EXTRACTED DATA: Begin

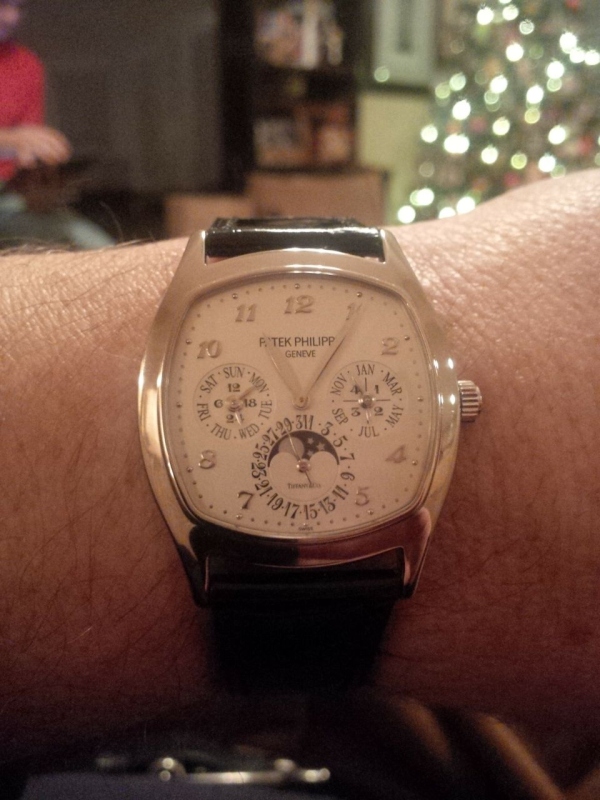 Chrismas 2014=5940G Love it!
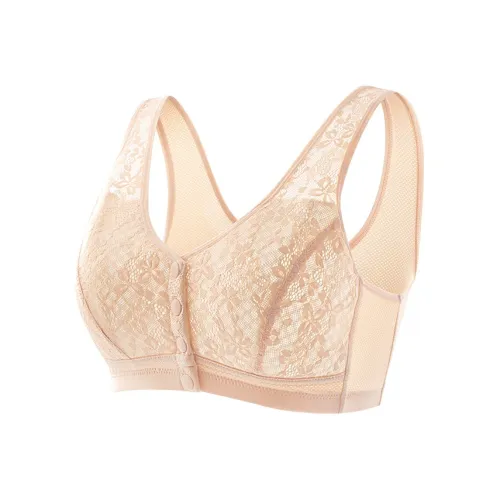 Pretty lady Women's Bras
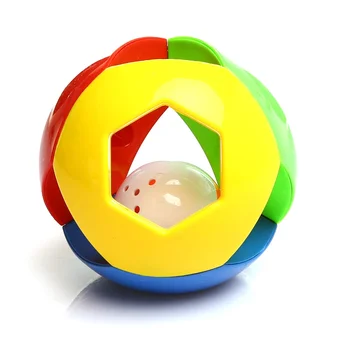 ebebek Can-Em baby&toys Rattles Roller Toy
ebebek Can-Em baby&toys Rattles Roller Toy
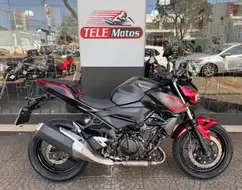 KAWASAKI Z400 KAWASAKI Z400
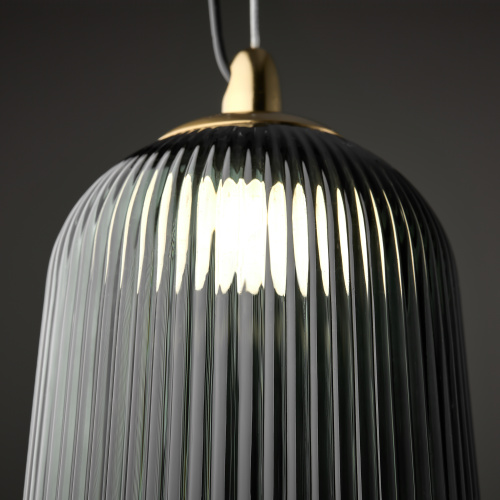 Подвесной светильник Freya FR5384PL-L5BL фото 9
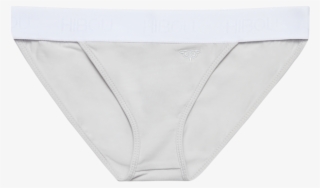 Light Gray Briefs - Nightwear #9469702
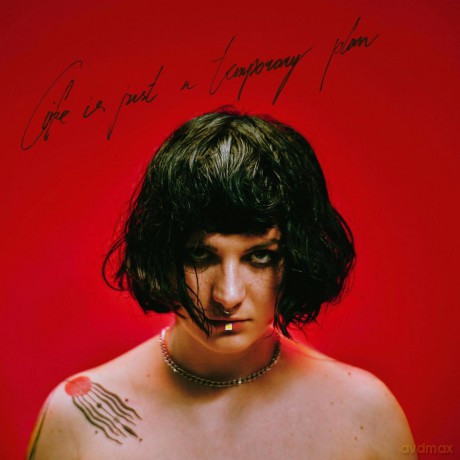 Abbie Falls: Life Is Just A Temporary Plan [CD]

EXTRACTED DATA: End

ABOUT THIS EXERCISE - The records above need to be printed in full and exactly, without any of the pictures.

OUTPUT FOR THIS TASK -
 Chrismas 2014=5940G Love it!
 Pretty lady Women's Bras
 ebebek Can-Em baby&toys Rattles Roller Toy
ebebek Can-Em baby&toys Rattles Roller Toy
 KAWASAKI Z400 KAWASAKI Z400
 Подвесной светильник Freya FR5384PL-L5BL фото 9
 Light Gray Briefs - Nightwear #9469702
 Abbie Falls: Life Is Just A Temporary Plan [CD]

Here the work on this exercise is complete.